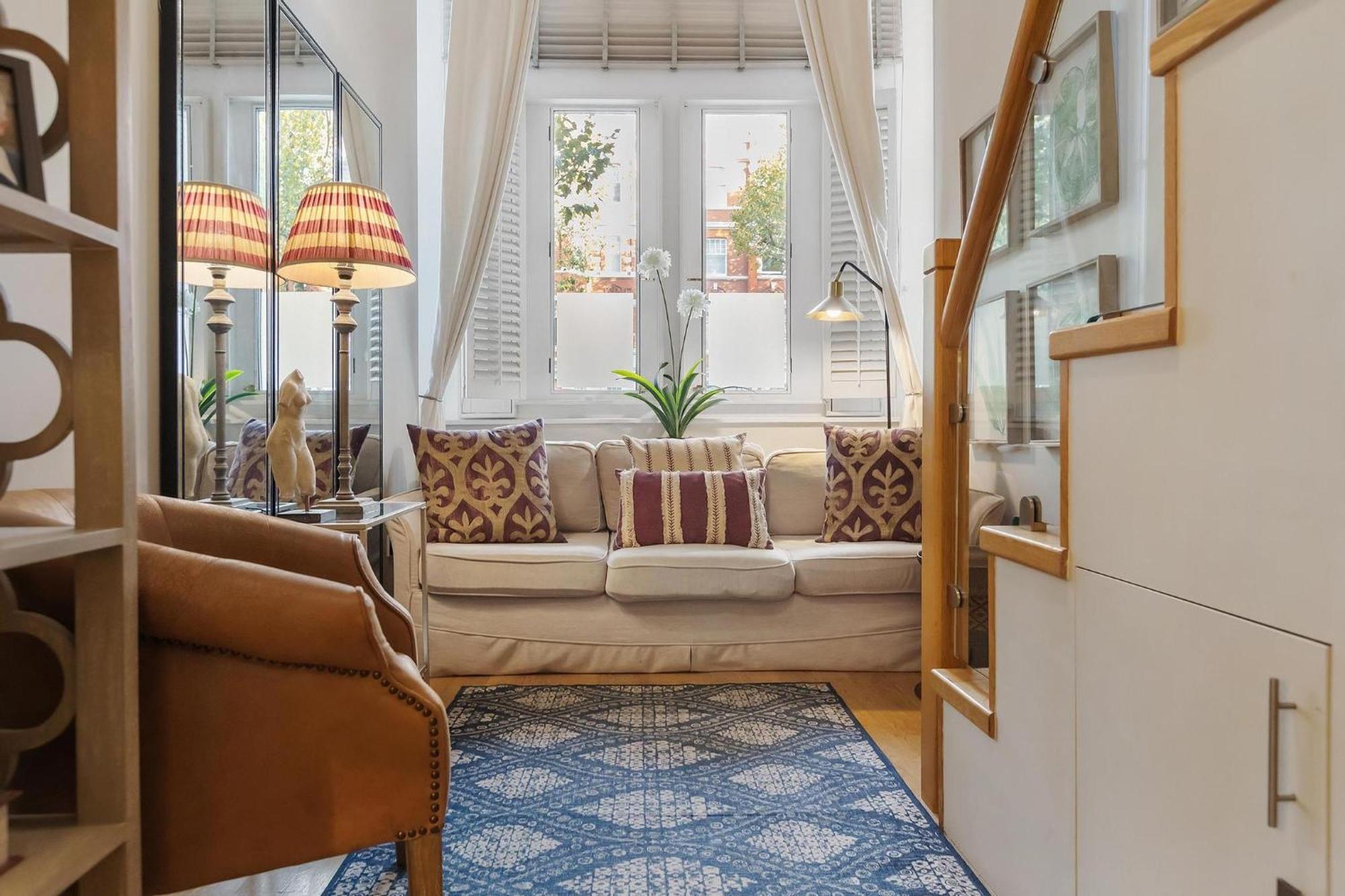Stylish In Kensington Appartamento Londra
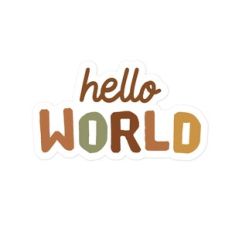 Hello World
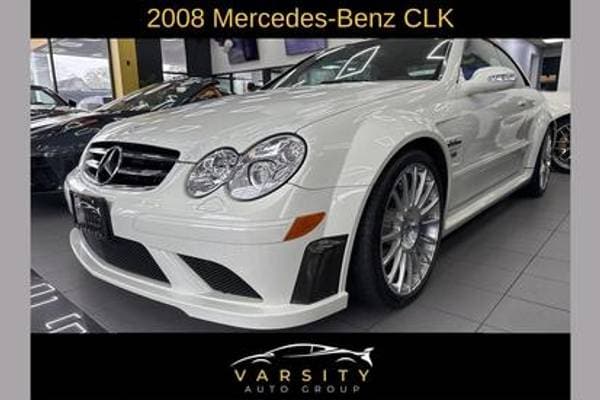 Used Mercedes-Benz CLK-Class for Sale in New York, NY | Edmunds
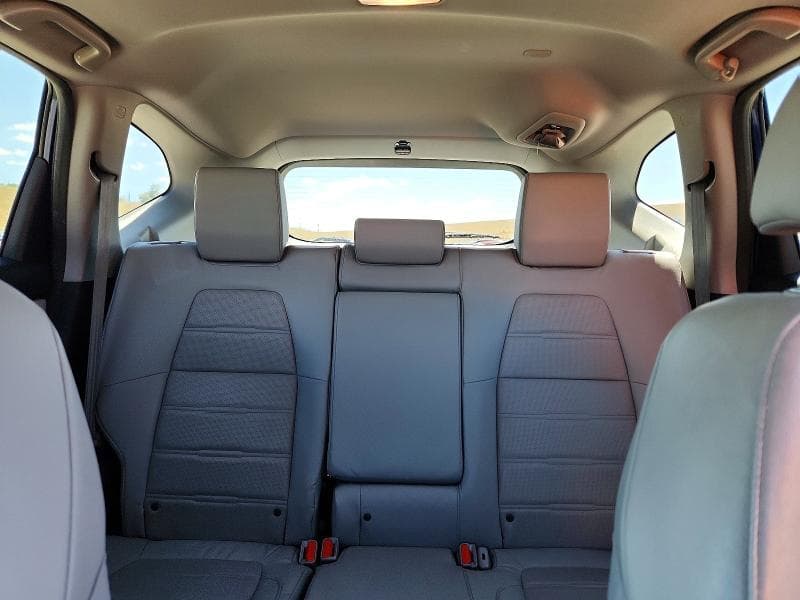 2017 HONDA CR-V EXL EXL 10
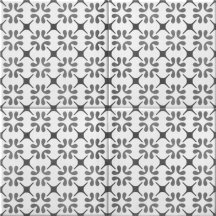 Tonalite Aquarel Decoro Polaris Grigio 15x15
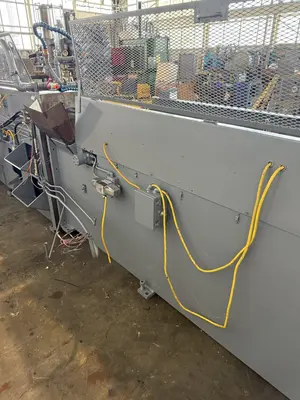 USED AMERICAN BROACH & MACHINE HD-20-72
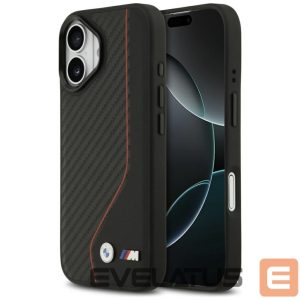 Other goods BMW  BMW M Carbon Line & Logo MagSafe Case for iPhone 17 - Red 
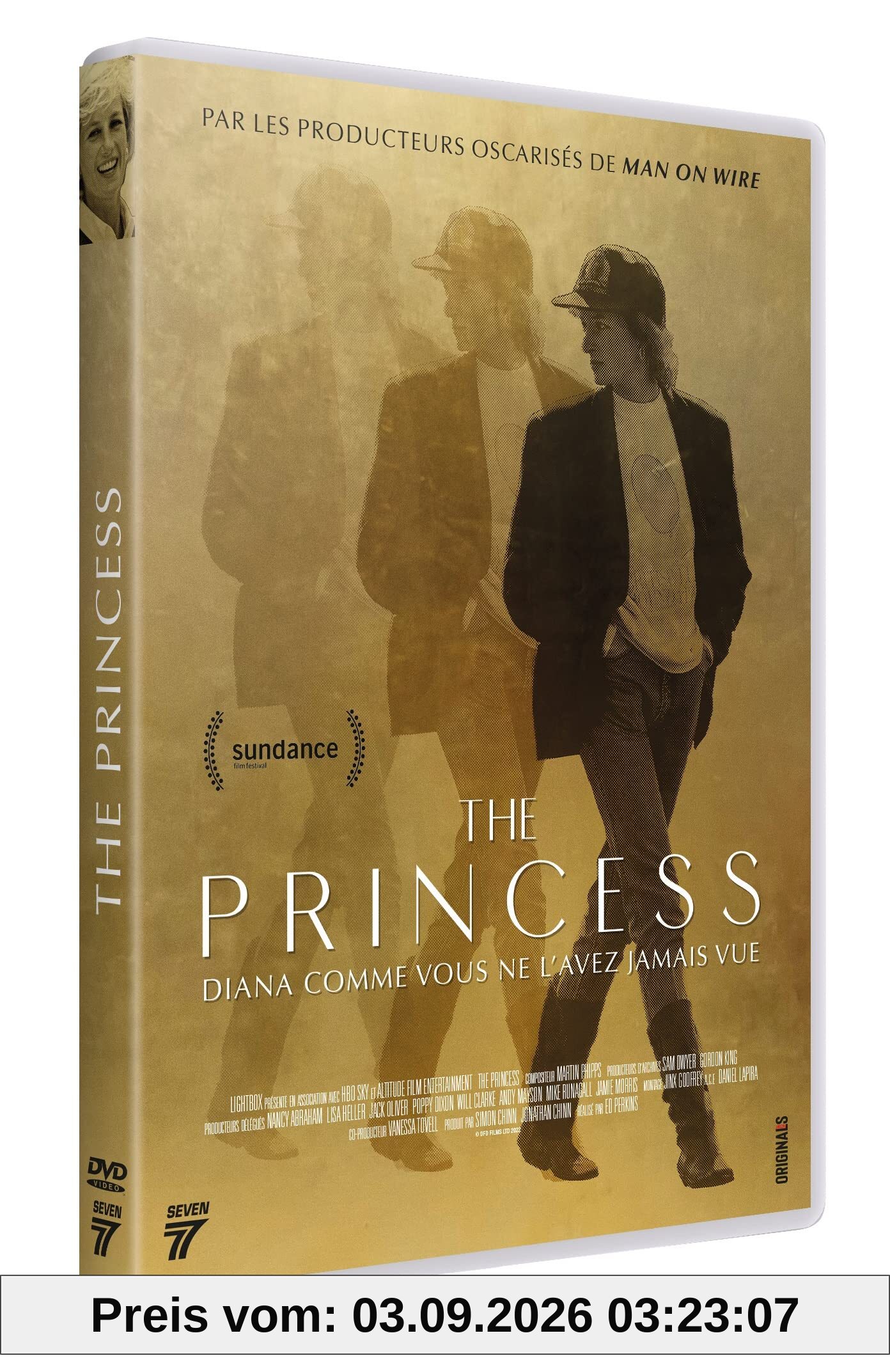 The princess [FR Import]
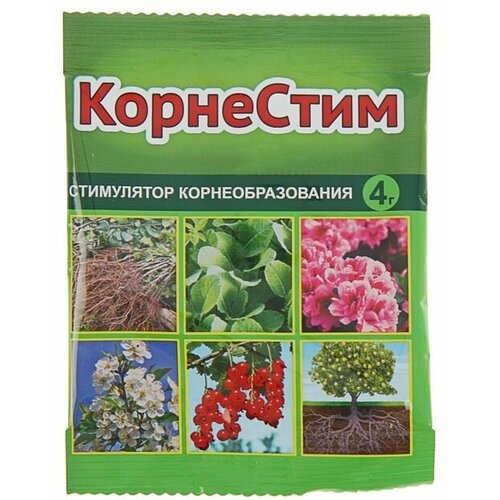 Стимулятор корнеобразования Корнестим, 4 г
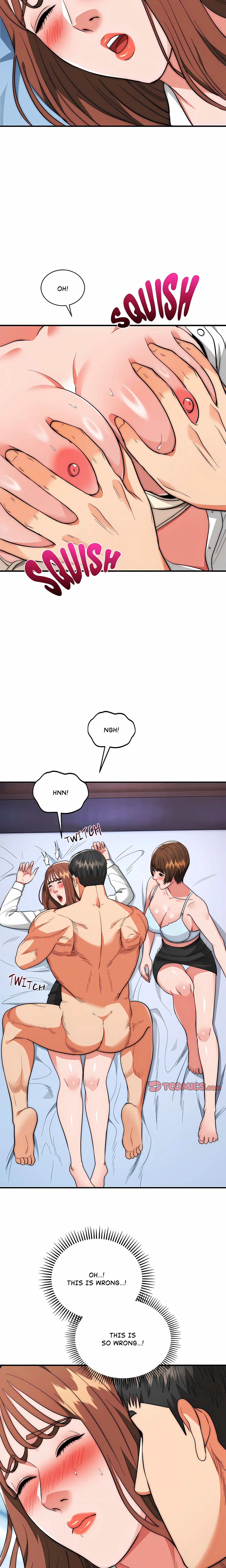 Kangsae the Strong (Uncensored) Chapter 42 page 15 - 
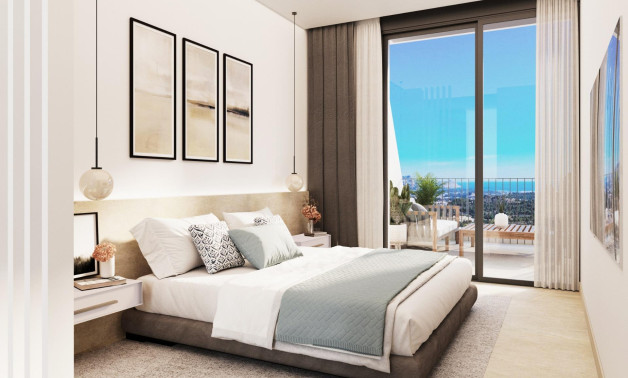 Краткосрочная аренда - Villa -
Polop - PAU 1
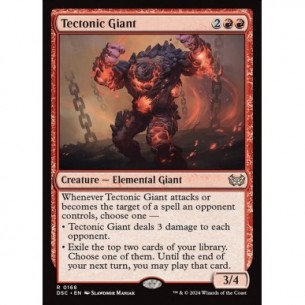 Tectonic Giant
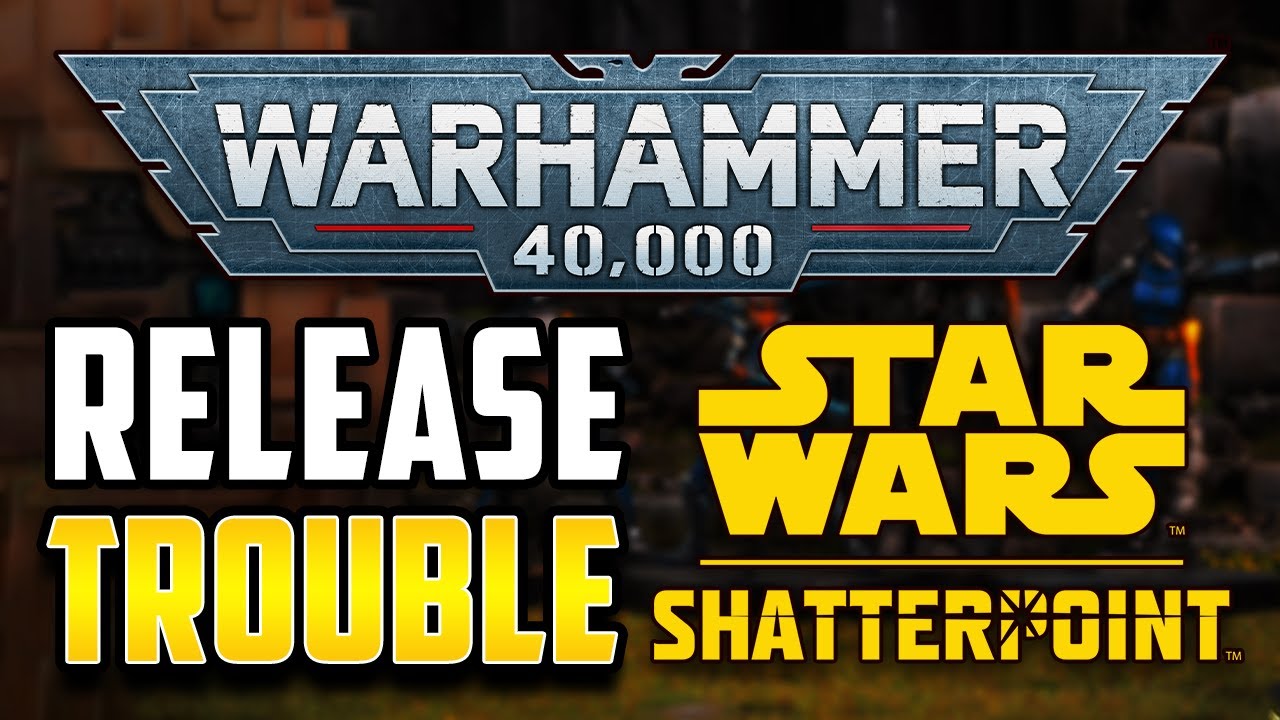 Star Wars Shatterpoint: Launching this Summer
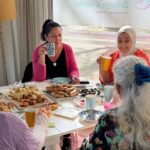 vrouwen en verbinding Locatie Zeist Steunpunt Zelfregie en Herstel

※ ※ ※

DIRECTIONS:
Repeat, exactly and with no pictures, each line from the line that holds "Tectonic Giant" through the last line of the records above.

RESPONSE TO THE TASK:
 Tectonic Giant
 Star Wars Shatterpoint: Launching this Summer
 vrouwen en verbinding Locatie Zeist Steunpunt Zelfregie en Herstel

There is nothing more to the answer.